Il viaggio di studio in Israele dello scorso novembre si è svolto serenamente, fra visite e incontri. Molti studenti hanno documentato il viaggio con immagini e riflessioni personali. Vi invitiamo a vedere qui il bel video realizzato da Matteo Cattadori e, sotto, a osservare le fotografie di Pietro Furbatto e a leggere i testi scritti da altri due studenti di Torino, Davide Ferri e Joao Matteo Rampone. Non abbiamo perso l’occasione di perdere l’occasione Abba Eban non penso si offenderà se prenderò in prestito e modificherò “leggermente” la sua citazione per poter descrivere al meglio questa settimana in Israele. Non è stato un viaggio, non è stata una gita, non è stato un viaggio d’istruzione, è stata l’Occasione per poter entrare in un paese in punta di piedi, facendosi accogliere da una nazione che penso si contraddistingua in primis per il suo senso di appartenenza, che ha evidentemente radici storiche, risalenti, a mio parere, almeno ai tempi della distruzione di Masada, quando gli eroi della roccaforte sul Mar Morto, tanto ambita dai Romani per potersi proteggere dal nemico più grande, i Parti, decisero di suicidarsi dopo aver difeso fino allo strenuo delle forze la loro città, pur di non subire l’umiliazione di consegnarsi direttamente nelle mani dei Romani; tale senso di appartenenza è altrettanto visibile nel ruolo dell’esercito, un elemento fondamentale nel processo di crescita di un giovane israeliano ma allo stesso tempo un momento fortemente desiderato, per iniziare una vita di autonomia e più di tutto per entrare a pieno titolo nella storia del suo paese.

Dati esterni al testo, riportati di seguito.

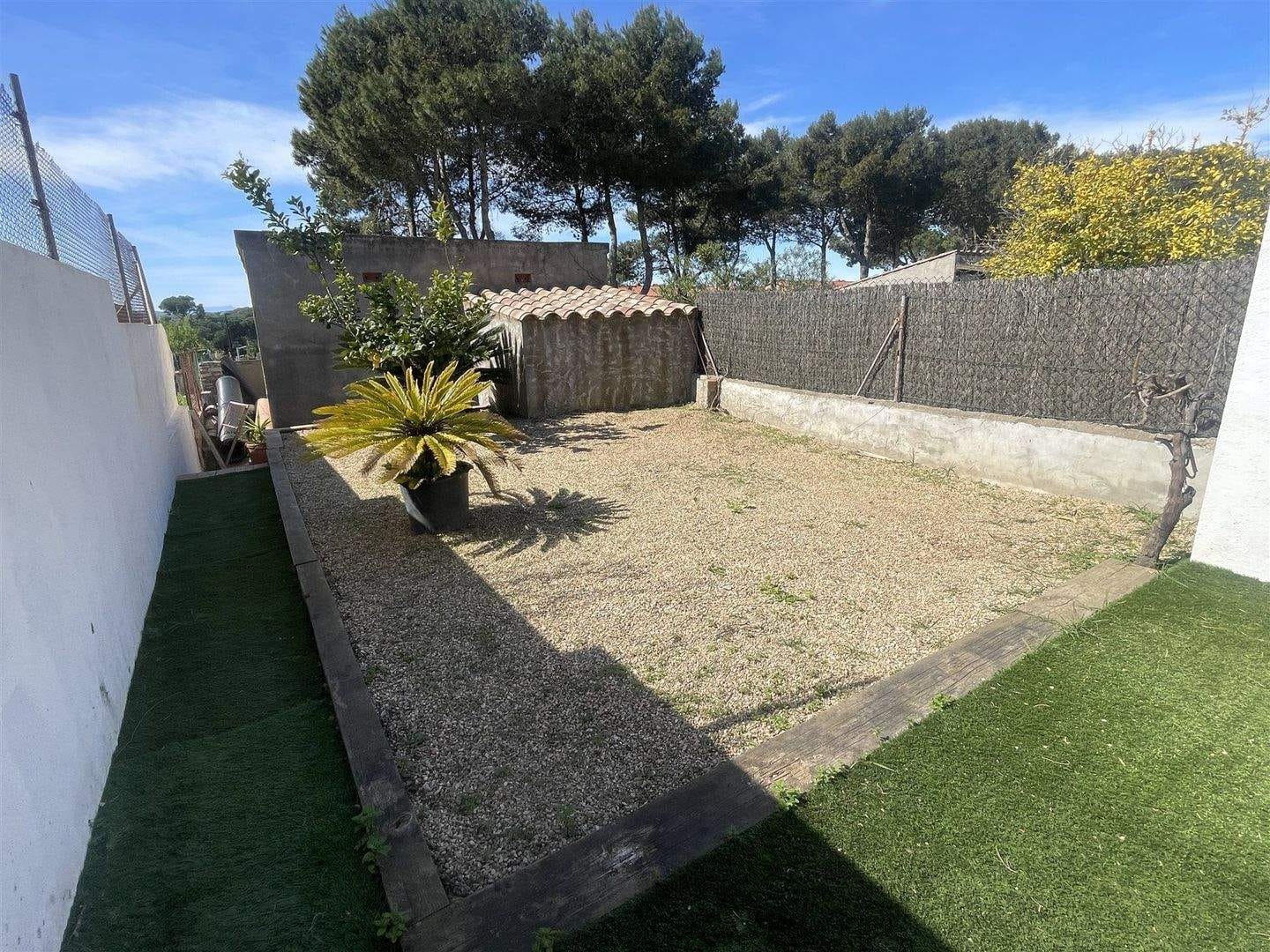 Immobilie in Wesenberg - Eigentum mit Großzügigem Garten und Garage in Begur mit Blick auf die Burg - Bild 1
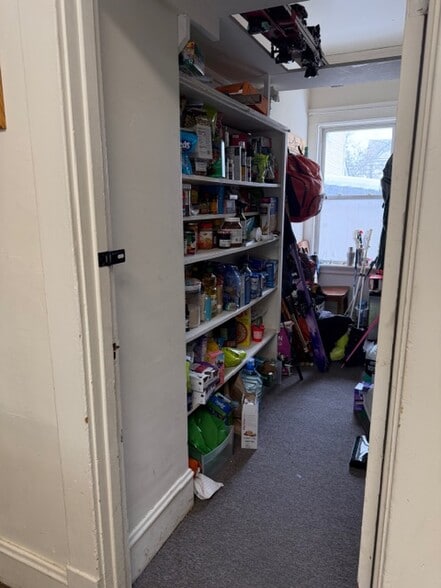 Building Photo - 18 Weston St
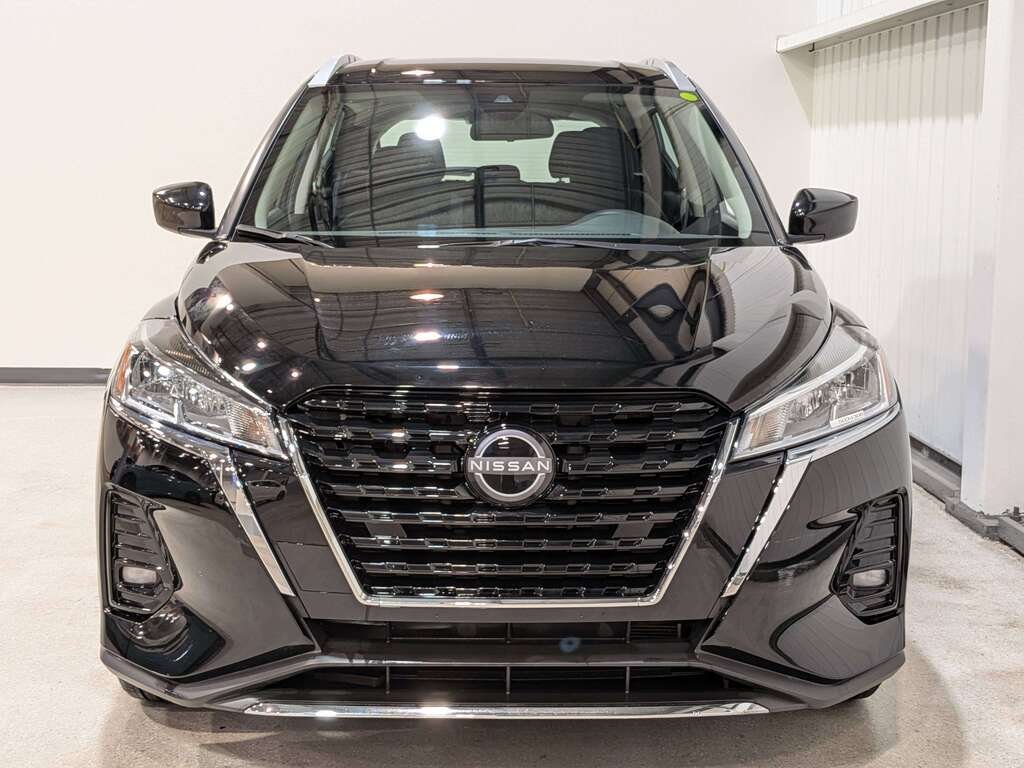 Nissan Kicks SV FWD 2024 Noir Val-David - photo #3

È stata l’Occasione di conoscere in prima persona la realtà del kibbutz che ha forgiato buona parte dell’attuale classe dirigente israeliana e che con la sua politica di impronta socialista ha permesso a Israele di affermarsi sul campo mondiale dell’economia, della scienza, dell’agricoltura. È stata l’Occasione per vivere Gerusalemme, città in cui non appena ci si gira si incontra una cultura religiosa differente: lo Shabbat, il giorno sacro della religione ebraica, vissuto con una intensità tale dalla comunità che la città sembra fermarsi, rispettando l’interruzione da ogni attività creativa; il Santo Sepolcro, luogo in cui Gesù fu seppellito e risorse dopo tre giorni, luogo in cui si può percepire il significato profondo della religione cristiana (stesso discorso vale per il Monte delle Beatitudini, Cafarnao, il Monte degli Ulivi); la Spianata delle Moschee e il mercato arabo, la grande cupola dorata che avvolge il luogo da cui Maometto partì per il suo viaggio sulla Luna e i profumi speziati che pervadono le strade non fanno che rimandare l’uomo in un mondo orientale. È stata l’Occasione per rendersi conto di come sia possibile unire due culture così diverse come quella ebraica e quella araba in un Israele ricca di contraddizioni sotto questo aspetto: è successo alla scuola bilingue di Gerusalemme, dove studiano ragazzi di entrambe le culture con professori sia arabi che ebrei e dove quelli che imparano non sono solo i giovani ma anche le famiglie (emblematica la testimonianza di una studentessa che ha raccontato di come suo padre, arabo, sia entrato per la prima volta in una casa ebrea proprio dopo che sua figlia iniziò a frequentare questa scuola): chi non vede progressi di questo tipo e non li attua in altre parti del mondo è dotato di un evidente paraocchi.